Wednesday, December 25, 2019

HBase, Phoenix - Local index optimizations with region pruning

By Lars Hofhansl
(Updated for clarity)

Why Local Indexes?

Local indexes are a powerful tool in the HBase/Phoenix toolbox. They are (1) naturally and cheaply transactional, they (2) avoid creating extra index tables, (3) provide the best write performance, and (4) they can small since they work uncovered in all cases (i.e. you do not have to include extra columns so that a query can be answered from only the index).

Problems with Local Indexes?

Local indexes work by maintaining an index per HBase region, each region has its own local index.

At read-time, for a query along the index that means that each region of a table needs to be consulted. And even though the RPCs can be done in parallel and regions with no matching keys will be ruled out quickly, for large tables for 1000's or 10000's of regions this can cause many unnecessary RPC.

Say we have the following simple table:

CREATE TABLE T (pk1 INTEGER NOT NULL,
                pk2 INTEGER NOT NULL,
                v1 FLOAT,
                v2 FLOAT
       CONSTRAINT pk PRIMARY KEY (pk1, pk2));

With the the following index:

CREATE LOCAL INDEX L T(v2);

A query for the form:

SELECT ... FROM T WHERE v2 = ...

Would now need to check each and every region of the table to see if there are any rows matching the v2 = ... condition.

Region Pruning

This is where region pruning comes into the picture.

Can we rule out some of the regions by using other parts of the query? It turns out we can!

There are currently two methods to do that.

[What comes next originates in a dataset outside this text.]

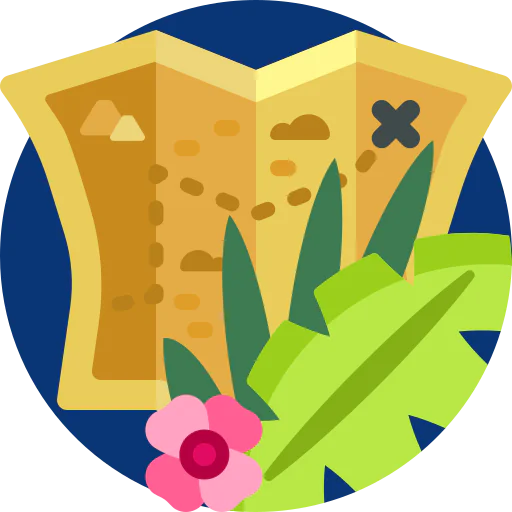 Map icon
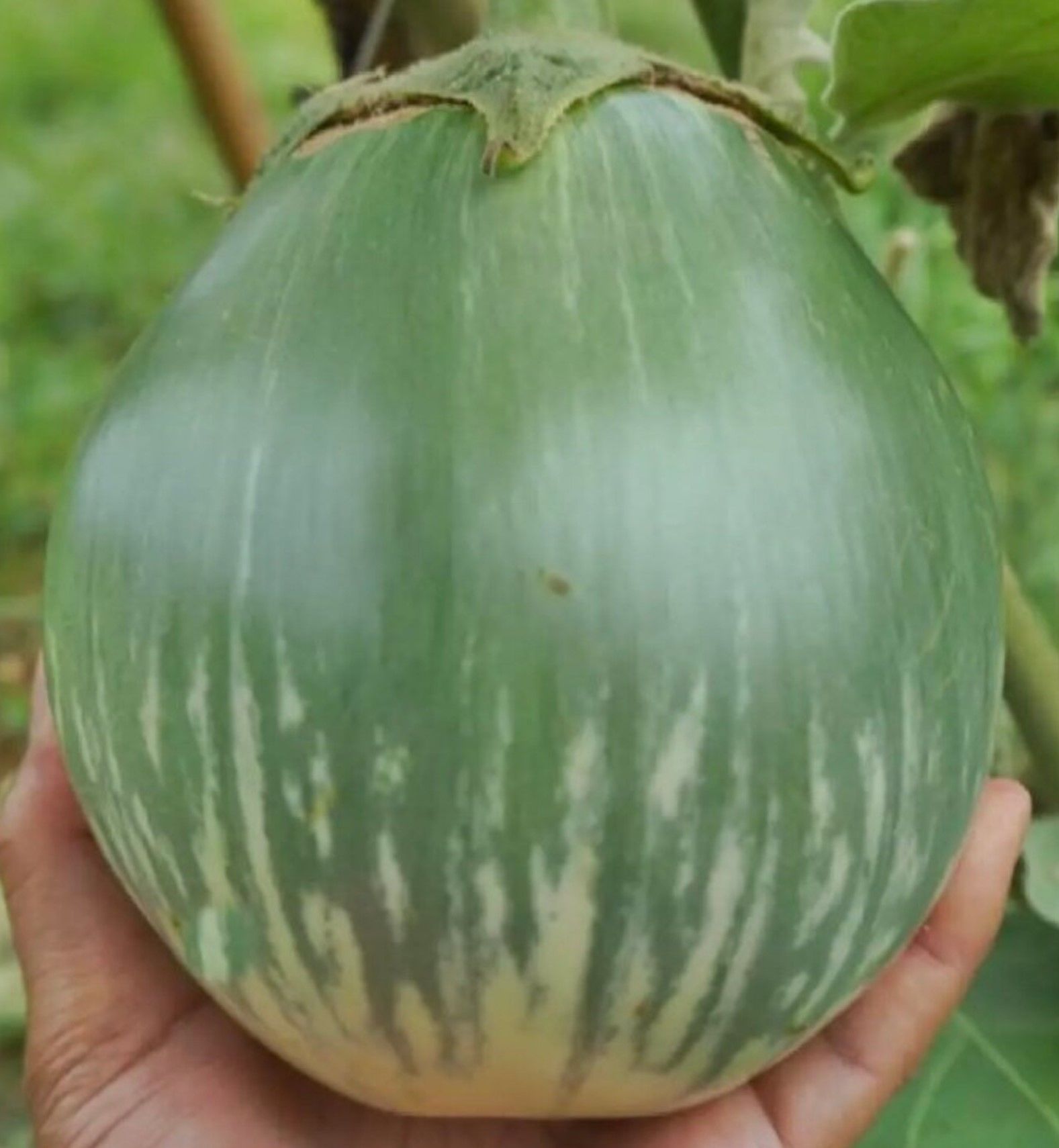 Giant thai patlıcan fidesi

One is implemented in PHOENIX-3941, and requires to declare the index in a specific way (assuming the same simple table):

CREATE LOCAL INDEX L T(pk1, v2);

Notice that we included the prefix of the pk (namely pk1) we'll use for extra pruning in the index definition. Now a query of the form 

> SELECT ... FROM T WHERE v2 = ...

will not be able to use the index!

But if we provide a value (or range) for pk1 the query compiler can now remove regions where this key is known not to be found, as in

> SELECT ... FROM T WHERE v2 = ... AND pk1 = ...

Phoenix does this by re-arranging the key structure of the local index.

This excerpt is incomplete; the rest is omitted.